Goal of the exercise =>
Scan the entries below. Report each line where the string "foto" occurs.

[Entries taken from a collection]

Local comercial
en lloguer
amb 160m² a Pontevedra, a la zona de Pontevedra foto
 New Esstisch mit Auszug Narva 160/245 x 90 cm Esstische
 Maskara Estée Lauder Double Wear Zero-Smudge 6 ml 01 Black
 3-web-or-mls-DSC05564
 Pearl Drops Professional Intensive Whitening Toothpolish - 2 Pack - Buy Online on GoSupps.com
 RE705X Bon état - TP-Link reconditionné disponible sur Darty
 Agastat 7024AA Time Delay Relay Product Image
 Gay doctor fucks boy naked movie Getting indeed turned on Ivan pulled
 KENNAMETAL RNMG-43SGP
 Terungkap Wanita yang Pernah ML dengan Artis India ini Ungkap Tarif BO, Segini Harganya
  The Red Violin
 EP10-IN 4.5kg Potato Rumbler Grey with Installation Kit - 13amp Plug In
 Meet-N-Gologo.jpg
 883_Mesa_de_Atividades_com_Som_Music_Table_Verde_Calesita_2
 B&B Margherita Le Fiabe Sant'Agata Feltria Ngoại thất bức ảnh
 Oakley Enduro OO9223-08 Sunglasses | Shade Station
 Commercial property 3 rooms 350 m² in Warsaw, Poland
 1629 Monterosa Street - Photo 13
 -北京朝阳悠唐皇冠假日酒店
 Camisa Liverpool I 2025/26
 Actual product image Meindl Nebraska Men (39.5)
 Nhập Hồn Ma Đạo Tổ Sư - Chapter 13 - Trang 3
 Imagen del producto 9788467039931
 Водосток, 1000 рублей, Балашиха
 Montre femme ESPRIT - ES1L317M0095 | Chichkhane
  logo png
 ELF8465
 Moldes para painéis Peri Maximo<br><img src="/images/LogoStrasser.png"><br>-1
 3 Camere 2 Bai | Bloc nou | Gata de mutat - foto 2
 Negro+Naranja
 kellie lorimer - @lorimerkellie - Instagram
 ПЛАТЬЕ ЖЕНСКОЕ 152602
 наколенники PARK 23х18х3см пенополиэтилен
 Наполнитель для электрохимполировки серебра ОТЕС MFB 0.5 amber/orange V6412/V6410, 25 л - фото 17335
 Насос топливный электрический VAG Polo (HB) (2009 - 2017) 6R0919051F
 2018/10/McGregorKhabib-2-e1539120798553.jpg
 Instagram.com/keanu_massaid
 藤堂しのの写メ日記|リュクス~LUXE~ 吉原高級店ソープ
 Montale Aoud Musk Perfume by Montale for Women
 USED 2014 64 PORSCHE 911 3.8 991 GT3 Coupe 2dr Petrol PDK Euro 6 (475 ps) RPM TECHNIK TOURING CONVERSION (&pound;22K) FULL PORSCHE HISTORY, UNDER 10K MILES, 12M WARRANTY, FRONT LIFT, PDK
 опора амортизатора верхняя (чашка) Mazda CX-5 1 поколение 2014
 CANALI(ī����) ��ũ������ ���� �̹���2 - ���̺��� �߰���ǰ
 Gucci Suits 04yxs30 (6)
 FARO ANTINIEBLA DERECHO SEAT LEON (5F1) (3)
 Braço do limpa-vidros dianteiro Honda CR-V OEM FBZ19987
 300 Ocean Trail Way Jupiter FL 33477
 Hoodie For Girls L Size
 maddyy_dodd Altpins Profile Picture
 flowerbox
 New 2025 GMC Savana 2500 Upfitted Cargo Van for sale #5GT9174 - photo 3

Solution for this problem =>
amb 160m² a Pontevedra, a la zona de Pontevedra foto
 3 Camere 2 Bai | Bloc nou | Gata de mutat - foto 2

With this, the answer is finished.